The rich have money, and so they have little to worry about. The poor have almost nothing, and so they have even less to be merry about. But it is the one in between — the middle class — who goes through the real chaos. Brought up in a working-class family: dad working hard every day, mum holding the home together, and our duty simply to obey our parents and honour the demands of the society around us.

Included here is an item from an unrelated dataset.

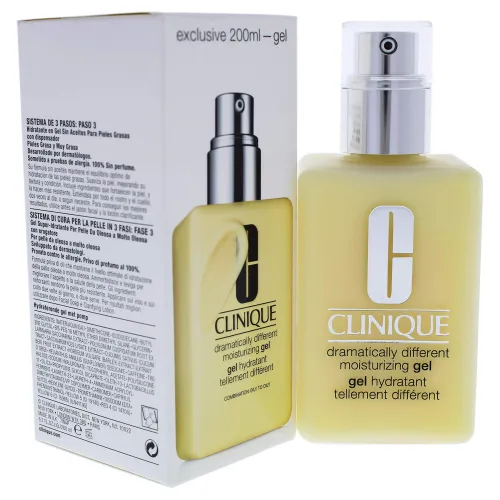Clinique Dramatically Different Gel voor vette huid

I am glad that, despite the hardships, we grew up understanding the value of things — and respecting our parents for what they sacrificed to make us who we are today. But it truly saddens me, and it is a genuine cause for concern, to see how children are raised now. I see modern-day parents whose parenting methods have swung to extremes. Their love for their children is, ironically, weakening them — leaving them without the inner frameworks they will need to navigate a demanding world. Today’s kids begin to rebel at the age of five. Blame the parents for letting things fall free. Perhaps because they want to give their children the very best, they fail to understand that making everything too convenient teaches a child nothing. Life is not a rainbow on which you go ice skating.

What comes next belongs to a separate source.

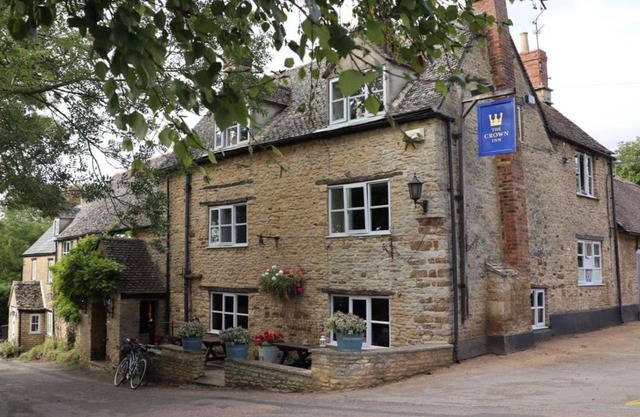The Crown Inn, Church Enstone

I write this because of a particular incident that happened recently in my apartment building. I had just returned from a long meeting — a hard day at work — and I had forgotten my keys. I rang the bell and waited for someone to open the door. While I stood there, I could hear the neighbour’s fifteen-year-old daughter yelling at her mother. It was as though something had possessed her — words that I have genuinely never heard come out of a child’s mouth.
“You f***ing b***h, you have no right to ask me what I’m doing. You f***ing a**hole, stay out of my business! I will pour gasoline and burn you while you sleep. I will cut you in two.”

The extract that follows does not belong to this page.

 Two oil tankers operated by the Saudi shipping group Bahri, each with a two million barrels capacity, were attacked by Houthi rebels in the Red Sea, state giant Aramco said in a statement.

I was banging on my own apartment door, desperate for someone to let me in. I wanted to shut myself inside and block it all out. Because it frightened me — genuinely frightened me — to think that these are the people who will one day run the world. It won’t be zombies we have to fear. It will be these children, turning against us for doing the right thing — or for what they have decided is the wrong thing.
In that moment, I tried to put myself in the mother’s shoes. The day she held that baby in her arms, kissed her on the forehead, and prayed for her to be gentle, kind, and forever loving. The day she made a silent promise to protect her and offer her the best of life. And now this is what that prayer has become.
I thought of how we were raised. If we so much as thought about answering back to our parents, the next moment they would not have hesitated to show us the door. The fear of losing their love — of being without the only two people in the world who truly cared — kept us grounded. That fear was not cruelty. It was a kind of love we were too young to understand.
That respect, that commitment from one human being to another, taught me what is truly important and how one must value things in life.
To all the parents reading this: in the name of love, do not destroy your children. They are shaped by everything they see and hear, and right now they are absorbing the bad and filtering out the good. I am not suggesting you raise your children like an Amish household. But when you give them something — anything — make them understand its value. Relate it to life. When your child throws food at your face, let them go hungry for a meal so they understand what it means for a child out there to pray that someone throws a piece of bread at them. Sometimes, tough love and necessary boundaries are the most honest gifts you can offer.
Consider it, if only because you care about raising a good human being.